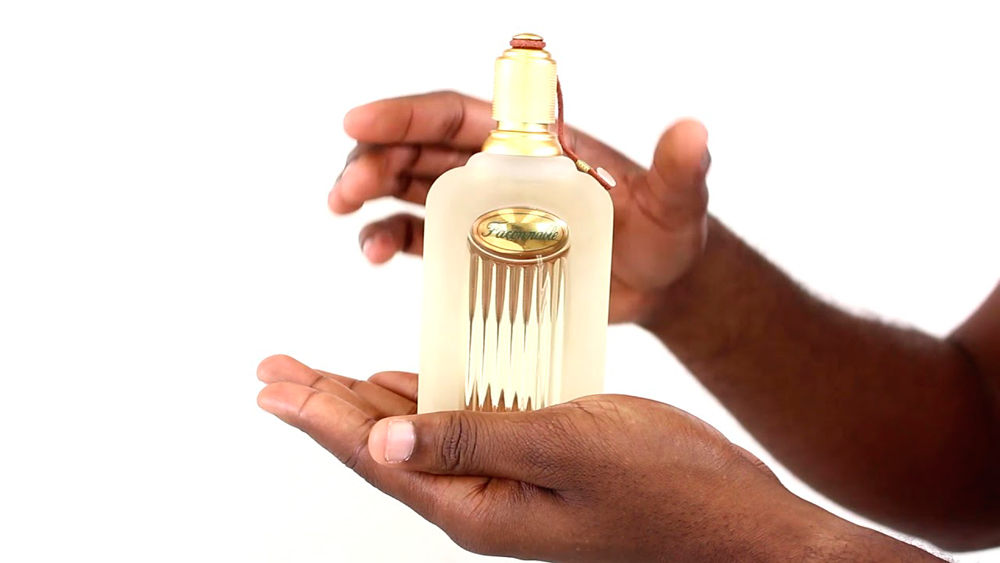 faconnable-homme-EDT-arte3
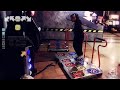 PIU / Tashannie  - Don't Bother Me ( Improv Freestyle ) HQ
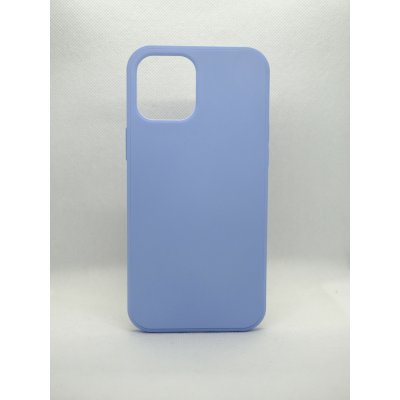Pouzdro Case Mate Silikonové TPU iPhone 12 pro max Fialové – Hledejceny.cz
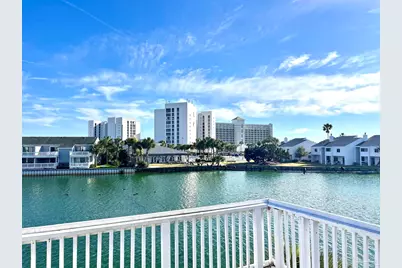 940 E Highway 98 #44, Destin, FL 32541 - Photo 11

--------------------

→ PROBLEM STATEMENT
Pictures excluded, write out exactly and only the lines of the material from the one containing "Pouzdro Case Mate" up to and including the last line.

→ TASK RESULT
Pouzdro Case Mate Silikonové TPU iPhone 12 pro max Fialové – Hledejceny.cz
 940 E Highway 98 #44, Destin, FL 32541 - Photo 11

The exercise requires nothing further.